Ein ganz anderes Iran-Bild entwirft das Autorenduo Katajun Amirpur und Reinhard Witzke. Ihrer Ansicht nach wollen die Iraner mehrheitlich die Demokratie westlichen Zuschnitts. „Inzwischen gibt es in der iranischen Gesellschaft einen Konsens darüber, daß es keine Alternative zu einer demokratischen Staatsform gibt.“ Auch von ihrem islamischen Glauben haben sich die Iraner mehrheitlich losgesagt, konstatieren die Autoren. Empirische Untersuchungen ließen vermuten, daß es „in keinem anderen islamischen Land so viele säkular und areligiös eingestellte Menschen gibt wie im Iran“. Nur noch 25 Prozent der Iraner und 14 Prozent der iranischen Studenten befolgten die islamischen Gebote wie das Fasten oder das Beten.

Die Iraner – ein „areligiöses“ Volk

Mithin bringen die Iraner aus Sicht der Autoren weder dem islamischen Glauben noch dem theokratischen System ihres Staates Wertschätzung entgegen.
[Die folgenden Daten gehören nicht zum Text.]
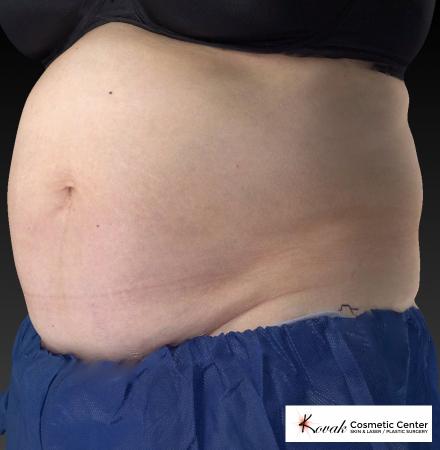 CoolSculpting®: Patient 8 - Before and After 5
Sie resümieren daher, die Entfremdung zwischen Volk und politischem Regime im Iran sei heute „kaum mehr zu überbieten“. Zwar hätten die Reformer den politischen Machtkampf im Iran vorerst verloren – eine Einschätzung, die durch die Wahl Ahmadi-Nedschads zum Staatspräsidenten bestätigt wurde. Doch der eigentliche Reformprozeß vollziehe sich nicht in der Politik, sondern in der Gesellschaft. Und dieser Reformprozeß sei in vollem Gange. Es gibt also Hoffnung auf eine demokratische Islamische Republik Iran, so die Autoren.

Katajun Amirpur, Islamwissenschaftlerin und Iranistin, liefert gemeinsam mit dem Ethnographen Reinhard Witzke einen gelungenen Überblick über die geschichtliche Entwicklung des neuzeitlichen Irans – von der Begründung der Kadscharen-Dynastie im 18. Jahrhundert bis zur Parlamentswahl im Jahr 2004. Die Autoren argumentieren nachvollziehbar, wenngleich sie auf detaillierte Quellenangaben verzichten. Wer sich über das 65-Millionen-Volk des Irans informieren möchte, dem sei das Buch empfohlen.

*

Rezension zu: „Schauplatz Iran. Ein Report“ von Katajun Amirpur und Reinhard Witzke, Herder Verlag 2004, 2. Aufl., 157 Seiten, ISBN 3-451-05535-X, 8,90 Euro.